:: Given information ::
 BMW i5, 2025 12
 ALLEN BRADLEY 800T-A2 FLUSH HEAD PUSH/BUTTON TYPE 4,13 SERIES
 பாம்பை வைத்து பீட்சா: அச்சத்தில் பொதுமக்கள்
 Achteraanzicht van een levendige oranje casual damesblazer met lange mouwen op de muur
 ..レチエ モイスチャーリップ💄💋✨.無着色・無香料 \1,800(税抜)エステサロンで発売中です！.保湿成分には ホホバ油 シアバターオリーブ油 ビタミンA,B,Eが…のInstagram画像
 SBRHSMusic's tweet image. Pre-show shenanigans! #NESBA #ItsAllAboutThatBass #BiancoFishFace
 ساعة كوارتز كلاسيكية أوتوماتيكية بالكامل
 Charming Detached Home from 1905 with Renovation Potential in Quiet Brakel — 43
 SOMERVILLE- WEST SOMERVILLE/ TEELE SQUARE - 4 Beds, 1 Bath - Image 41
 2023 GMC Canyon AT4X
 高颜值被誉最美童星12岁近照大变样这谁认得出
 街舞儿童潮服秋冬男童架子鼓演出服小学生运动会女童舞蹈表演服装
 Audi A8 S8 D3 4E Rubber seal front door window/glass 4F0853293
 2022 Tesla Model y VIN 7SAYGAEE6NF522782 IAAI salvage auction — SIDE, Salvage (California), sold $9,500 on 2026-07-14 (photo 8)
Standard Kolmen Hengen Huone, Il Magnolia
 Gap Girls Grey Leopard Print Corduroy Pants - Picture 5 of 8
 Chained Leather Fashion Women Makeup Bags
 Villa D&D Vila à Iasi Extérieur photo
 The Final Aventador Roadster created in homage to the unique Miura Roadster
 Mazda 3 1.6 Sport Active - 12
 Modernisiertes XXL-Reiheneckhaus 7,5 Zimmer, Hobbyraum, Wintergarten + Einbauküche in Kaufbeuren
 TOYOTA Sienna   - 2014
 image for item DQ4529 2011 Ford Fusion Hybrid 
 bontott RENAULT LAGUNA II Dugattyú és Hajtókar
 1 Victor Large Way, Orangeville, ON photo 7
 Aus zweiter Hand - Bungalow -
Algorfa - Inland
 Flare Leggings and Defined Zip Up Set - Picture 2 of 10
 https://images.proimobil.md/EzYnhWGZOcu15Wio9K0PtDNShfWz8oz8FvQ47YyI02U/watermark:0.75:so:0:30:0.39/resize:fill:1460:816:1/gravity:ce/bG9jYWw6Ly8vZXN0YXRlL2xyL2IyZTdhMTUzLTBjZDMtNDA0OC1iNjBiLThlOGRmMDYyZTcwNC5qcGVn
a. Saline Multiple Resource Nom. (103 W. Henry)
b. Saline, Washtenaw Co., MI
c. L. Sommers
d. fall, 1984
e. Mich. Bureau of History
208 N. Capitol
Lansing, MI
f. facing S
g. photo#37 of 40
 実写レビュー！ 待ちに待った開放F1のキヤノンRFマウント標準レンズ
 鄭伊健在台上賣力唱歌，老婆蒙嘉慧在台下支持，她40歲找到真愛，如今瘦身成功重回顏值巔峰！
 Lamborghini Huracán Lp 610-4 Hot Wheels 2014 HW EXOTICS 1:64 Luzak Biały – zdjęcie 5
:::
__Activity__:
Restate word for word only the lines above from the line containing "Modernisiertes XXL-Reiheneckhaus 7,5" to the line containing "Flare Leggings and", both of them included.

__Answer to this task__:
 Modernisiertes XXL-Reiheneckhaus 7,5 Zimmer, Hobbyraum, Wintergarten + Einbauküche in Kaufbeuren
 TOYOTA Sienna   - 2014
 image for item DQ4529 2011 Ford Fusion Hybrid 
 bontott RENAULT LAGUNA II Dugattyú és Hajtókar
 1 Victor Large Way, Orangeville, ON photo 7
 Aus zweiter Hand - Bungalow -
Algorfa - Inland
 Flare Leggings and Defined Zip Up Set - Picture 2 of 10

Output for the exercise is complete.